*GIVEN MATERIAL:*

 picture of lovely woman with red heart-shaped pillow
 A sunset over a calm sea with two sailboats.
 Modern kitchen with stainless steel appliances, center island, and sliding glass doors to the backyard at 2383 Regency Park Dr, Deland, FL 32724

*PROMPT:*
Return exactly, and only, the line containing "A sunset over a calm sea with two sailboats." and every line after it through the end of the material.

*FINISHED EXERCISE:*
 A sunset over a calm sea with two sailboats.
 Modern kitchen with stainless steel appliances, center island, and sliding glass doors to the backyard at 2383 Regency Park Dr, Deland, FL 32724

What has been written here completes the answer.